Photos and video courtesy of NYPD


An 18-year-old was attacked by two men who punched and choked the girl before trying to rob and rape her in Ridgewood on Wednesday, police said.

The victim was walking near Putnam and Seneca avenues at about 2:50 a.m. when the two suspects came up behind her, according to authorities.

One of the suspects punched her in the head while the second suspect choked the teen and covered her mouth with his hand, cops said. The second suspect then tried to swipe her pocketbook, but she was able to hold on to it, cops said.

The first suspect attempted to sexually assault her, but both men fled when a passerby approached, according to police.

The victim was taken to Woodhull Medical Center  where she was treated and released.

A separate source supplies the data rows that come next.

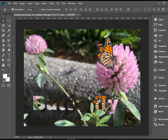So there you have it — Type Tools in Adobe Photoshop. There will be more videos to show you how to modify text using the Character and Paragraph panels. But for the moment, enjoy the video. Thank you for watching.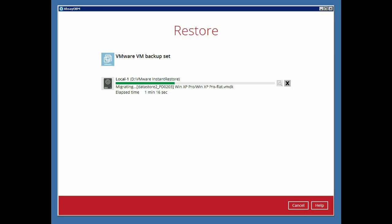And again taking a look at the backup application, the process is now migrating the VM to its original data store.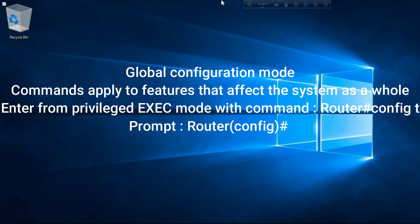Global configuration mode applies commands to features that affect the system as a whole. You enter it from privileged exec mode with the command 'configure terminal'. The prompt becomes 'Router(config)#'.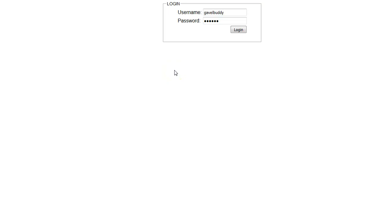Thank you for viewing our video on how to cashier during an auction using the GabbleBuddy program. In this video, we will be covering the basics of the cashiering screen.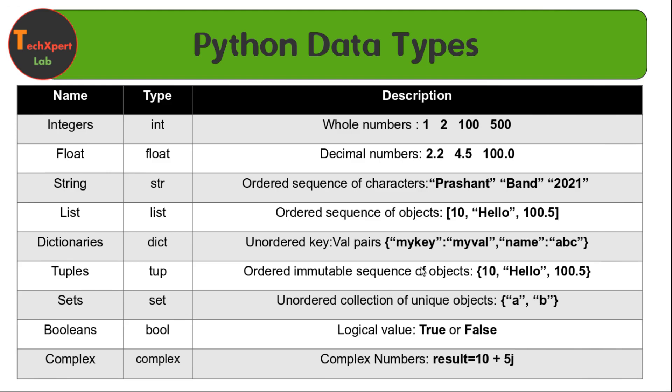Numbers are used for different kinds of operations in programming like storing some number, representing data during visualization, storing information related to web applications, or even keeping the score of games. Numbers are used for multiple purposes. Python treats numbers in several different ways, and one of them is integer. First we will see how we can use this integer data type.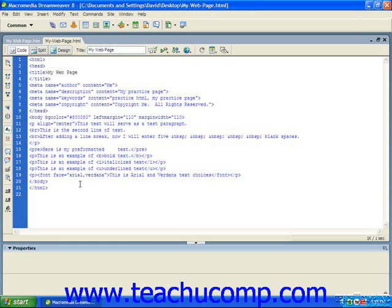You do have some control over the fonts that are displayed. By listing several fonts separated by a comma and a space, the web browser will attempt each of the fonts in the order you list them.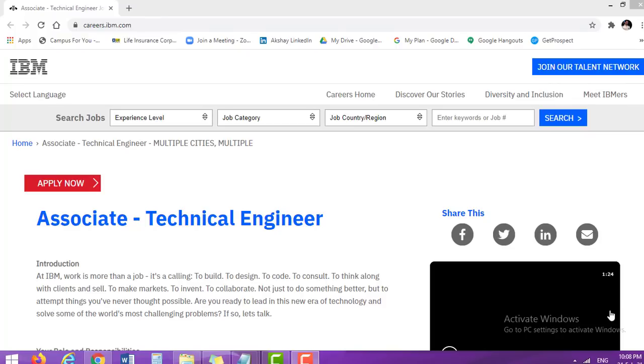Hello and welcome everyone to a new video from Talent Battle, your one-stop platform for placement preparation. This is Akshay.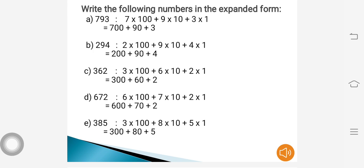Write the following numbers in expanded form. First question: 793. When I expand 793, 7 is in the hundreds place, so 7 into 100, plus 9 is in the tens place, so 9 into 10, plus 3 is in the units place, so 3 into 1. That gives 700 plus 90 plus 3, which is the expanded form of 793.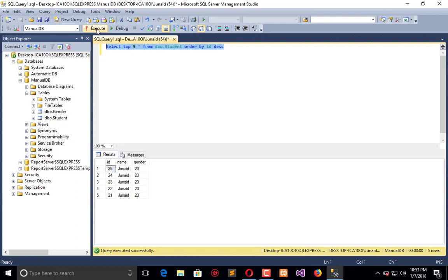All of this is because we want to limit the records when we are developing enterprise level applications or any type of commercial application. We have to use TOP in many scenarios because we don't need to process the whole data each time.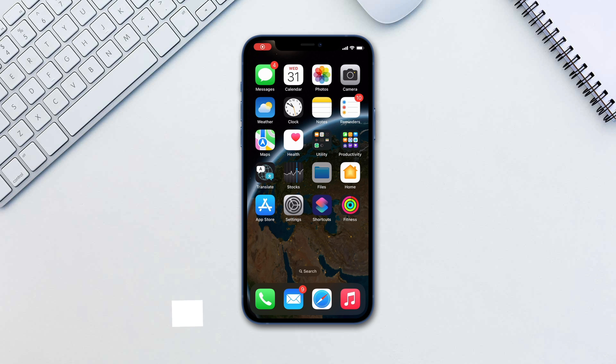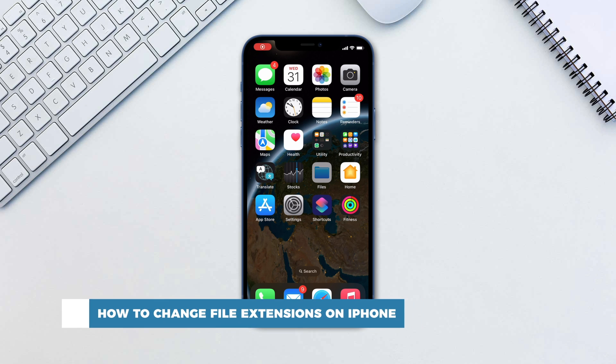Hello and welcome to our channel. In this tutorial you will learn how to change file extensions on iPhone.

Police describe both suspects as Hispanic, in their early 30s and 5 feet 5 inches tall. The first suspect  was last seen wearing a striped shirt, white hat, and camouflaged shorts, and had a backpack. The second suspect had a ponytail and was last seen wearing a dark colored shirt with “Aero 199″ on the left sleeve and had a backpack.

Anyone with information is asked to call Crime Stoppers at (800) 577-TIPS (8477). The public can also submit their tips by logging onto the Crime Stoppers website or can text their tips to CRIMES (274637), then enter TIP577. All calls are strictly confidential.